Feel free to structure your class however you like, but refer to the general outline below for guidance:

  1. Material exploration sessions(s)
    • Allow student some time to touch and feel the different materials. This is all they will be tasked with doing during this time. They make take notes on what materials they may be interested in. Also, allow them time to experiment with different taping/gluing techniques to test strength and longevity.
    • It is a good idea to have a container of water out for this so they can test what sinks and floats. Make sure they also test for longevity of water-resistance – a material may seem like it floats until it soaks up enough water to sink!
    • Having a varying selection of rubber bands can cause students to experiment with different choices and ultimately make a choice for the best one for their boat. They can also attach multiple rubber bands.
    • Students should then spend some time drawing a plan, complete with labeling materials they will use. Pre-planning is an important part of the design process and can help give direction and efficiency to your students.
  2. Build session(s)
    • These are the sessions the students will spend building their boats! You can allow as much time for this as you desire.
  3. Design presentation session(s)
    • Students present their designs to the class and talk about the choices they made.
    • Students demonstrate their boat in the water container.
  4. Redesign/challenge session(s)
    • Students can race their boats against each other or partake in any of the extension activities detailed below in the “Tips & Tricks” section.

Tips & Tricks


Here is a basic outline of how to make one type of motor.

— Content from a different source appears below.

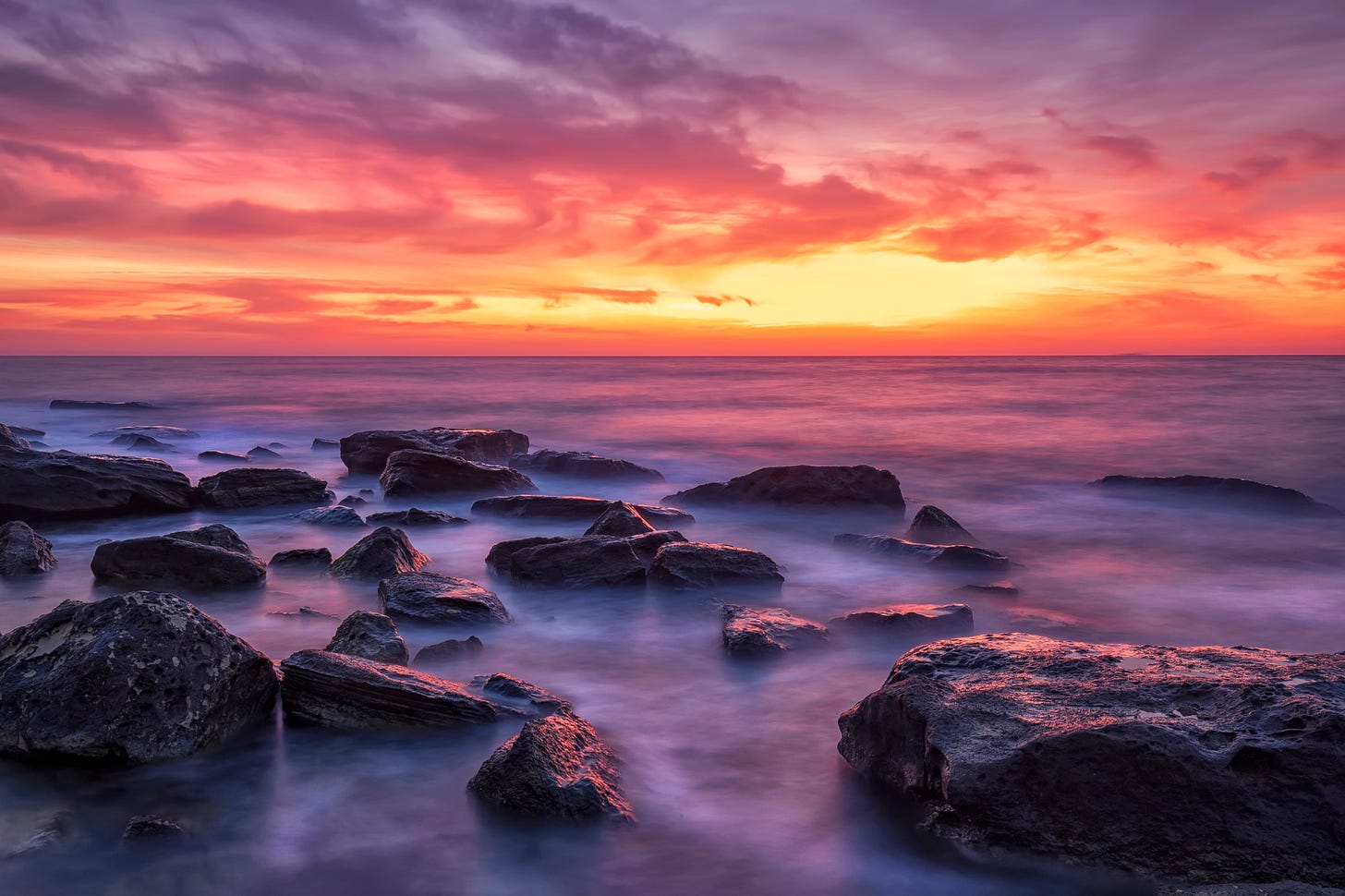 Stunning sunset over rocks on the sea shore, with red sky and purple sea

  1. A rubber band is attached to 2 sides of the back of the boat. The boat could have 2 features that stick out past the end of the boat for the motor to sit in. Students could also attach 2 paddles on either side of the boat.  This might cause the boat to not move in a straight line, but that is a good learning opportunity.
  2. A rubber band is stretched between the two sides.
  3. An additional piece (paddle) is slid into the rubber band.
    • This additional piece can be made from many things – popsicle stick, wood, plastic spoons, etc. Challenge your students to choose a material they think will work best.
    • This piece can be taped or hot glued into the rubber band assembly.
  4. To make the boat move, you turn the piece along with the rubber band many times to “wind up” the motor. When you let go, the piece spins on its own and can propel the boat!
Here are the basic steps to making a rubber band motor. Note in the 3rd image how the flap of cardboard situated between the popsicle sticks has been wound up by spinning it. When released, the rubber bands will propel the cardboard flap to spin propelling the boat forward. [1]

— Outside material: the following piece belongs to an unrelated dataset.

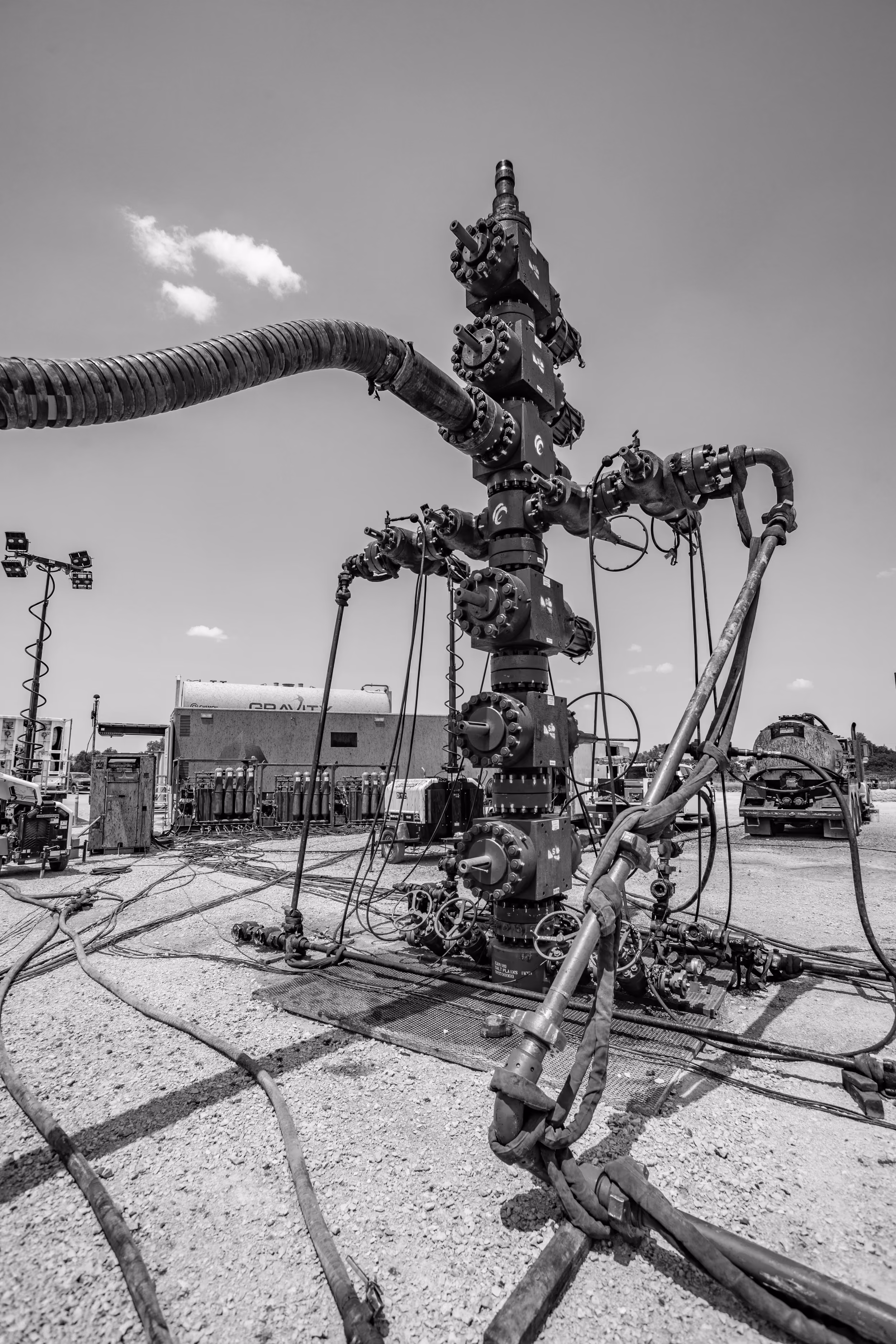 Wellhead with frac iron and hoses connected on a completions location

See this video link for a visual example:


  • Popsicle sticks and wood can be hard to cut for young students. Think about having a station where an assistant or parent volunteer can cut the wood for the students. Have students mark on the wood with a pencil where they want to cut. Maybe they need to “pay” for the cutting service out of their budget?
  • It can be helpful to “score” the popsicle sticks and wood and even plastic cutlery with an X-Acto knife first, and then snap it.
  • If you have a laser cutter, use that to cut the materials!
  • You can also use a larger wire cutter to cut the wood.

Additional Challenges

  • Does your school have a swimming pool? Think about hosting the final presentations in the pool!
  • Think about simulating an ocean/river in the water containers to add an extra challenge. Use small objects as “passengers.”
    • Use a watering can to simulate rain – do the passengers stay dry?
    • Create waves with a fan – do the passengers stay on the boat and no go overboards?
  • Do your students respond to competition and challenges? Challenge the students to see whose boat can go the farthest or have a race! You can delve into aerodynamics and weight to help them optimize their boats for speed and travel.
  • Another challenge is making the boats either go straight ahead to deliberately turn in circles.
  • Have a film/art class? Have students film a boat race! Students can be announcers, competitors, interviewers, and expert consultants. Have the race live for other grade levels to see!